When Rob Pyper signed on in 2005 to be marketing director at Barnes Banking Co., a 115-year-old Utah institution, he was well aware that community banks like Barnes compete best with regional and national banks when they offer personalized service that captures the spirit of the community.

But Pyper also realized early on that Barnes was ready for a better understanding of those customers.

“The assumption was that Barnes Bank had a pretty old customer base that’s conservative, that’s not interested in cutting-edge new offers,” says Pyper. “As it turned out, we also have some of their children, some 30-something high-income families, and also empty nesters with high income. That was a bit of a surprise for us.”

Barnes made that discovery using a business-intelligence service from Sharp Analytics of Salt Lake City to analyze the banking patterns of its customer base and their profitability. The end result — a more detailed snapshot of the bank’s customers — spurred him to create new products.
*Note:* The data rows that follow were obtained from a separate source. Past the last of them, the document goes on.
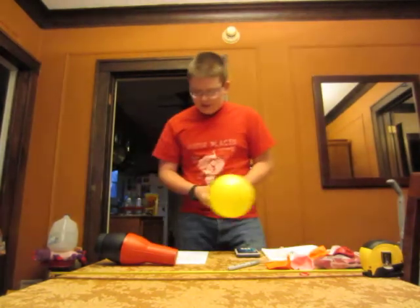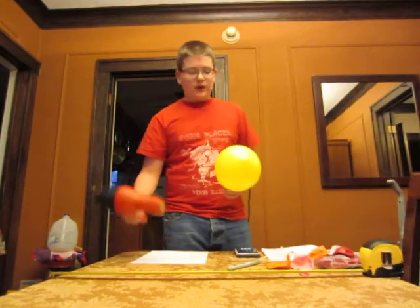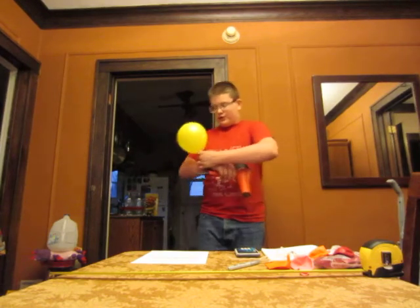And then after this I'm going to heat this balloon for one minute on my stopwatch and I'm going to remeasure.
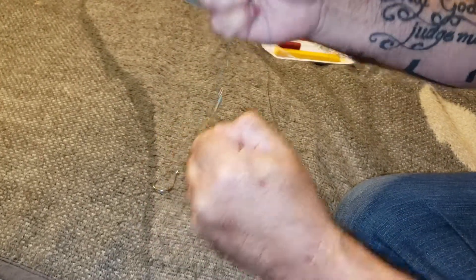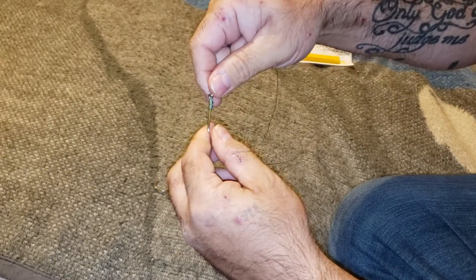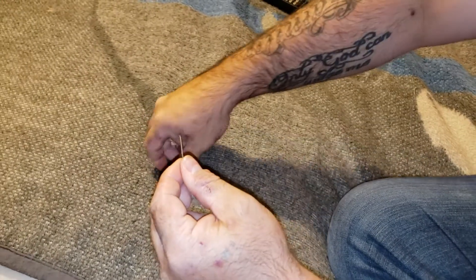Pull it tight. That will never come undone - ever. Never comes undone. Then when you want to put your second hook on, very simple, all you do is put it on.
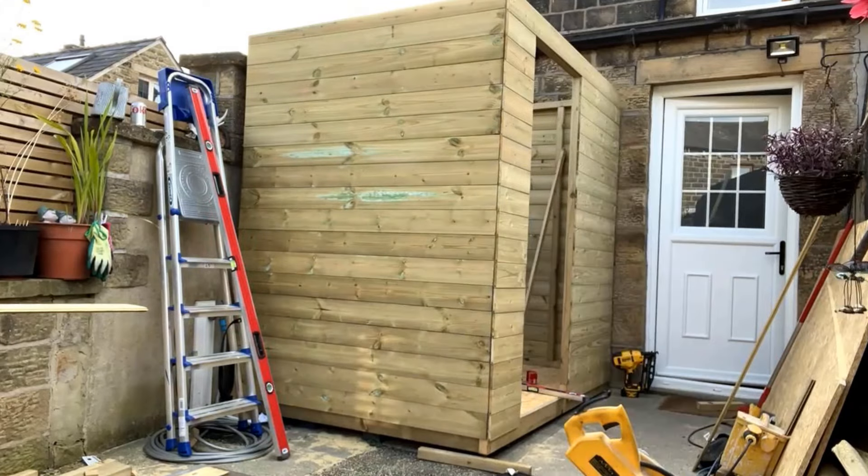That's the walls done. I hope you enjoyed this video - if you didn't see the base video already I highly advise you go back and watch that, and keep an eye out for the next video where we're going to be fitting the roof. Hit the like button, don't forget to subscribe so you're notified of new videos, and I will see you in the next one.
Predictive analytics help not just with product development but with marketing as well. To promote its new premier checking account, Barnes built a list of targeted customers and then mailed an oversized postcard or a personalized letter signed by Barnes’ president. Those two pieces, supplemented with newspaper advertising, employee cross-selling and signs in bank branches, brought in $24 million in deposits, Pyper says.

Financial marketers are also getting much more creative with their materials, too. While banks have offered toaster ovens and blenders for ages, Susquehanna Bancshares Inc., put a new twist on that old warhorse with something its target customers would really take notice of — a model train set.

Trains are an integral part of life and of business in the Pennsylvania-Maryland-New Jersey-West Virginia region where Susquehanna operates, says Susquehanna vice president and chief marketing officer Stuart Mullendore. “This is an area of the country where people understand trains,” he explains. “They’re going to respond to the image of a steam engine as being powerful.”

Respond they did. Working with Diccicco Battista Communications of Horsham, Pa., Susquehanna identified about 200 key local businesses as potential new customers, including, in some cases, companies with which the bank had not previously been able to open a dialog. Each business received a series of teaser postcards showing pictures of trains, with sequential messages such as “your package has just left the station,” “your package is on its way,” and “your package is about to arrive.”

That was followed with a large box, delivered by mail, containing what Mullendore characterizes as a very substantial gift — an entire toy train set, including the locomotive, rail cars and tracks. Everything except the power pack. To get that, recipients needed only to call the Susquehanna relationship officer identified in the package’s printed material.

“The message for the companies we were trying to appeal to was that all they need is the power — our power — to get going, to keep them on the track,” Mullendore says, adding that the mailer won an award from the Philly Ad Club for direct-to-business campaigns.

Some 40 percent of recipients followed up to receive their power pack. The bank was able to immediately establish relationships with a significant number of those respondents, and dialog that Mullendore characterizes as “promising” continues with a number of others. The response was so successful that the bank is considering sending another round of train sets.

In addition to its airport electrical outlet signs, Chase Commercial, with help from Bradley and Montgomery Advertising, conducted a campaign that played off the quintessential business traveler experience: finding the car service chauffeur holding a sign with your name.

In the case of the Chase campaign, the company positioned people dressed as chauffeurs at curb side, holding signs that read, “Mr. ‘I’m ready to expand my business beyond the US’: Your bank is here,” or “Mr. ‘I need local expertise in dozens of local markets’: Your bank is here.”

It was the perfect way to get noticed by harried business executives rushing to get to their next meeting.

Smart marketing which is sure to pay off for any business — and you can take that to the bank.